At Meeting C++ 2019, Jon Kalb gave a talk about template techniques and mentioned policy classes. See here for the source: https://youtu.be/MLV4IVc4SwI?t=1815
The interesting code snippet in question is:
template<class T, class CheckingPolicy>
struct MyContainer : private CheckingPolicy
{
...
}
I've seen this type of design quite often and I was wondering if inheritance here has any real advantages over composition. In my personal experience I've heard much about the Prefer composition over inheritance paradigm. So the way I would have written the code would be more like this:
template<class T, class CheckingPolicy>
struct MyContainer
{
CheckingPolicy policy;
...
}
There wouldn't be any virtual functions involved. Nevertheless I'd appreciate it if you could share some insights how these differ. I would be especially interested in differences in memory layout and its implications. Would it make a difference if CheckingPolicy
has no data members, but only a check
method or an overloaded call operator?
Composition offers better test-ability of a class than Inheritance. If one class consists of another class, you can easily construct a Mock Object representing a composed class for the sake of testing.
Inheritance and composition are two programming techniques developers use to establish relationships between classes and objects. Whereas inheritance derives one class from another, composition defines a class as the sum of its parts.
One of the major advantages of inheritance is that we implicitly get all the base class methods in the derived class and there is no extra performance cost of invocation. On the contrary, with composition, we are creating a composite object by plugging in the component objects.
Composition is in contrast to inheritance, it enables the creation of complex types by combining objects (components) of other types, rather than inheriting from a base or parent class. To put it simply, composition contains instances of other classes that implement the desired functionality.
One possible reason: when you inherit from CheckingPolicy
, you can benefit from empty base class optimization.
If CheckingPolicy
is empty (i.e. it has no non-static data members other than bit-fields of size 0
, no virtual functions, no virtual base classes, and no non-empty base classes), it will not contribute to the size of MyContainer
.
In contrast, when it is a data member of MyContainer
, even if CheckingPolicy
is empty, size of MyContainer
will be increased by at least one byte. At least, because due to alignment requirements you could have additional padding bytes.
This is the reason why, e.g., in the implementation of std::vector
you can find ihnehritance from an allocator.

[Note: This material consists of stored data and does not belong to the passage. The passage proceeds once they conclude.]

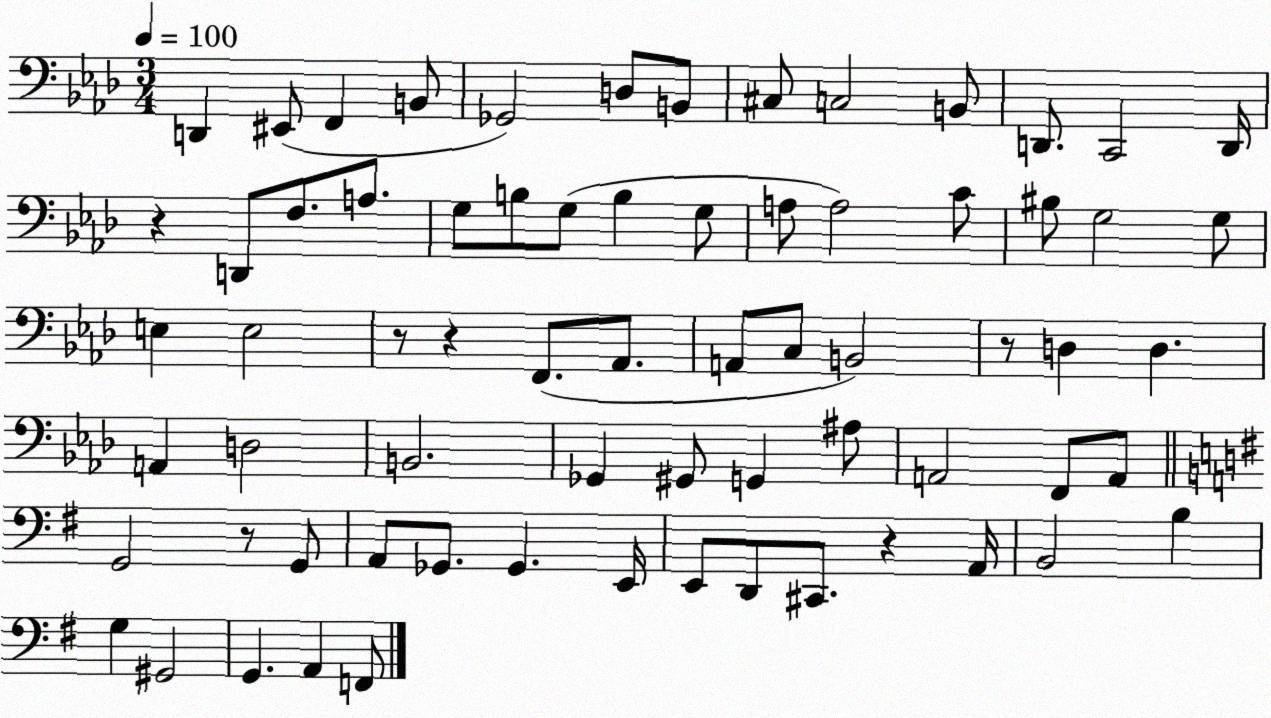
X:1
T:Untitled
M:3/4
L:1/4
K:Ab
D,, ^E,,/2 F,, B,,/2 _G,,2 D,/2 B,,/2 ^C,/2 C,2 B,,/2 D,,/2 C,,2 D,,/4 z D,,/2 F,/2 A,/2 G,/2 B,/2 G,/2 B, G,/2 A,/2 A,2 C/2 ^B,/2 G,2 G,/2 E, E,2 z/2 z F,,/2 _A,,/2 A,,/2 C,/2 B,,2 z/2 D, D, A,, D,2 B,,2 _G,, ^G,,/2 G,, ^A,/2 A,,2 F,,/2 A,,/2 G,,2 z/2 G,,/2 A,,/2 _G,,/2 _G,, E,,/4 E,,/2 D,,/2 ^C,,/2 z A,,/4 B,,2 B, G, ^G,,2 G,, A,, F,,/2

For example, libstdc++'s implementation:
template<typename _Tp, typename _Alloc>
struct _Vector_base {
typedef typename __gnu_cxx::__alloc_traits<_Alloc>::template
rebind<_Tp>::other _Tp_alloc_type;
struct _Vector_impl : public _Tp_alloc_type, public _Vector_impl_data {
// ...
};
// ...
};
Stateless allocators (like CheckingPolicy
with no non-static data members) will not contribute into std::vector
's size.
In C++20 we'll have [[no_unique_address]]
to potentially address this issue: whereas empty base optimization is required for standard layout types, [[no_unique_address]]
is just a permission, not a requirement. (Thanks Nicol Bolas for pointing that out.)